[Image-text web data]
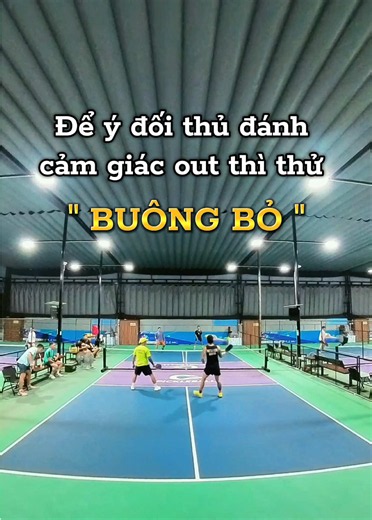 Cách rèn cảm giác buông bỏ trong pickleball để né bóng out
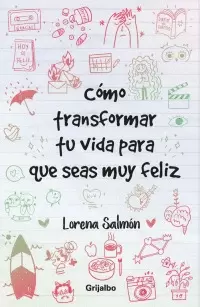 CÓMO TRANSFORMAR TU VIDA PARA QUE SEAS FELIZ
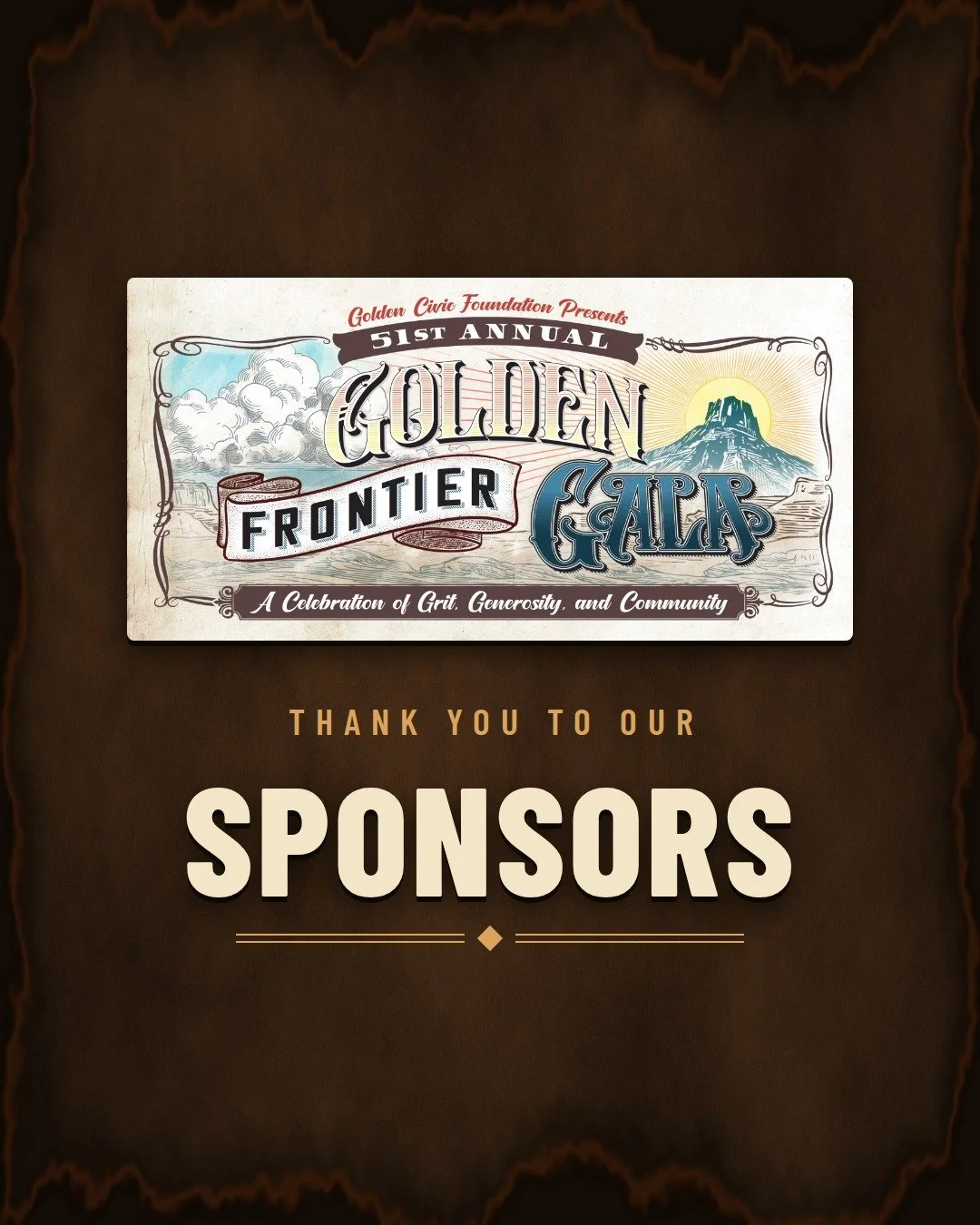 🤠 Thank you to our Golden Frontier Gala sponsors for making the evening possible &mdash; all For the Good of Golden.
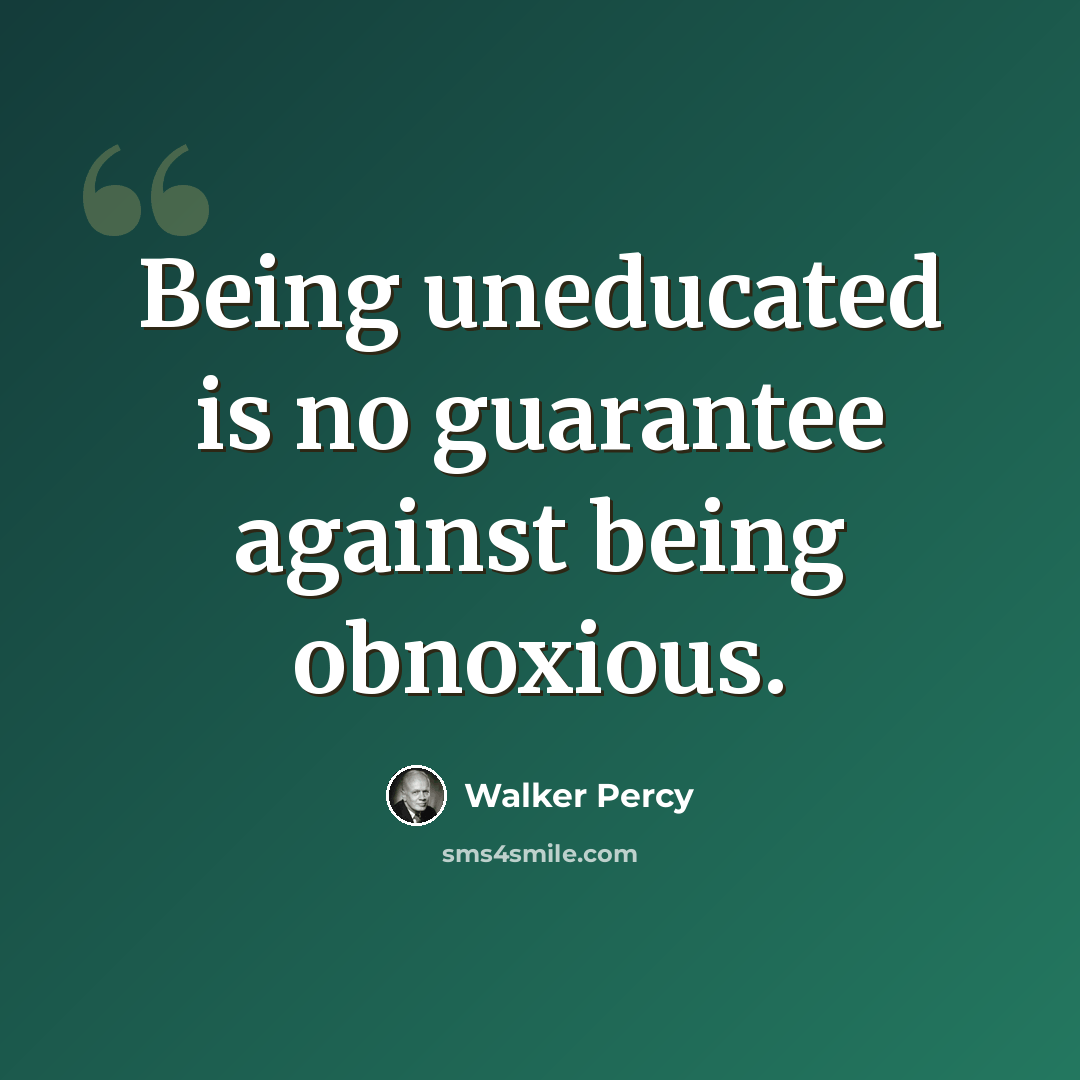 “Being uneducated is no guarantee against being obnoxious.” quote by Walker Percy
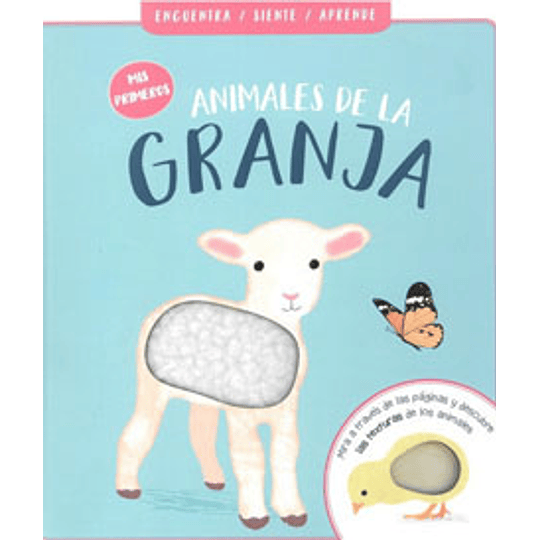 Mis Primeros Animales De La Granja. Encuentra, Siente Y Aprende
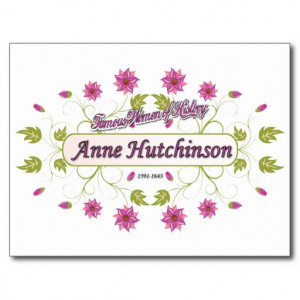 Anne Hutchinson Quotes Hutchinson ~ anne hutchinson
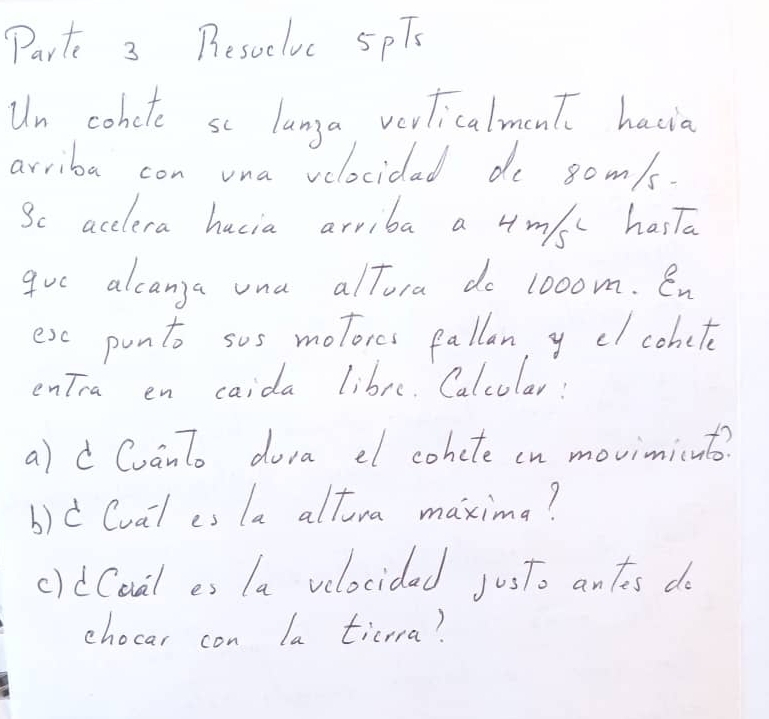 Parts 3 Besucluc 5pTs 
Un cohete se langa verlicalment hacia 
arriba con vna velocidad de 8om/s. 
Sc acclera hacia arriba a 4m/sc hasTa 
gve alcanga una alTora do looom. en 
ese ponto sos motores fallan y dl cohete 
entra en caida libre. Calcular: 
a)dCuanto dora el cohcte cn movimicnt? 
b)d (ual es (a altra maximg? 
cidCoal es la velocidad justo ants do 
chocar con la ticrra?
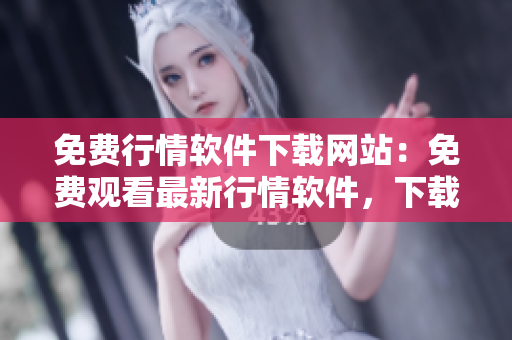 免费行情软件下载网站：免费观看最新行情软件，下载方便快捷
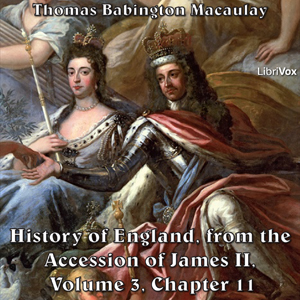 The History of England, from the Accession of James II - (Volume 3, Chapter 11) - Thomas Babington Macaulay - Free Audio Books Online Audiobooks in English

## [AIM OF THE TASK]
Only one thing is required: an exact printout of the lines from the line containing "gve alcanga una alTora do looom. en" through the last line of the records, pictures excluded.

## [EXERCISE RESULT]
gve alcanga una alTora do looom. en 
ese ponto sos motores fallan y dl cohete 
entra en caida libre. Calcular: 
a)dCuanto dora el cohcte cn movimicnt? 
b)d (ual es (a altra maximg? 
cidCoal es la velocidad justo ants do 
chocar con la ticrra?
 免费行情软件下载网站：免费观看最新行情软件，下载方便快捷
 The History of England, from the Accession of James II - (Volume 3, Chapter 11) - Thomas Babington Macaulay - Free Audio Books Online Audiobooks in English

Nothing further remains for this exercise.